Sunday, June 27, 2010

History: Cum grano salis

Recently I found this article on the BBC and was quite intrigued because biased historical perspective is still apparently an interesting topic. This seems to be a topic that gets a great deal of publicity whenever a political group begins to gain momentum.

For example in reading the article the historical archetype for who does this is the Soviet Union, more specifically Joseph Stalin. It appears as a general rallying cry by whatever party is against historical perspective to compare that other party to the Soviet Union or Stalin specifically. This type of comparison is the precise issue I have a problem with. It almost seems that political parties refuse to accept that history is inherently based on perspective.
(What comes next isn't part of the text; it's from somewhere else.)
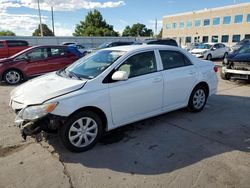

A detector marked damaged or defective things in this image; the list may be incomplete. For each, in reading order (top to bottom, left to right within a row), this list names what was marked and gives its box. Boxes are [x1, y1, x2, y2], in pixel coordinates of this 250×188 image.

crumpled hood [10, 72, 87, 106]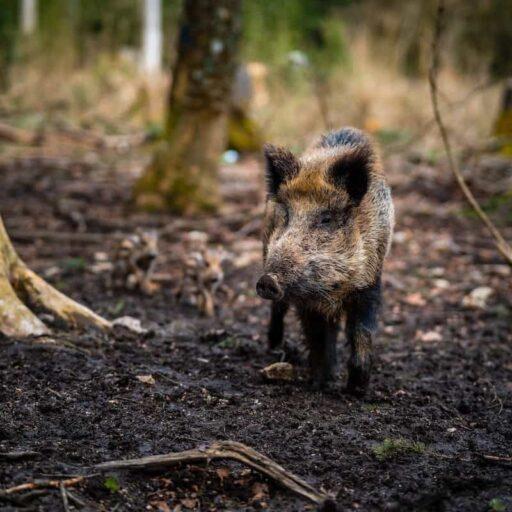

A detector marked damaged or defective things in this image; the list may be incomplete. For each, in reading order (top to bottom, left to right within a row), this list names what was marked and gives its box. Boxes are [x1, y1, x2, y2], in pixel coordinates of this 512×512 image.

broken stick [95, 440, 336, 508]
At this point I am sure many people will be up in arms and preparing scathing rebuttals but it is true. Let us examine any conflict throughout history. For the sake of ruffling as few feathers as possible consider Genghis Khan, or for those on the Asian continent, Chinggis Khaan. This person is highly revered in Mongolia and in many indirect ways by those in Europe. He started what would become the great trade route from China to Europe during his conquest. Who can argue this is a bad thing, besides the most staunch anti-globalisationists? Obviously I am looking at one aspect of him... aha! There is the precise issue. Perspective. There are those in India or modern day Persia (Iran) who argue that because of Genghis Khan we are hundreds of years behind in technology because of the destruction of knowledge brought on by his campaign. Many others will bring up the senseless torture and debauchery inflicted upon their respective peoples. One country's hero is another's dictator.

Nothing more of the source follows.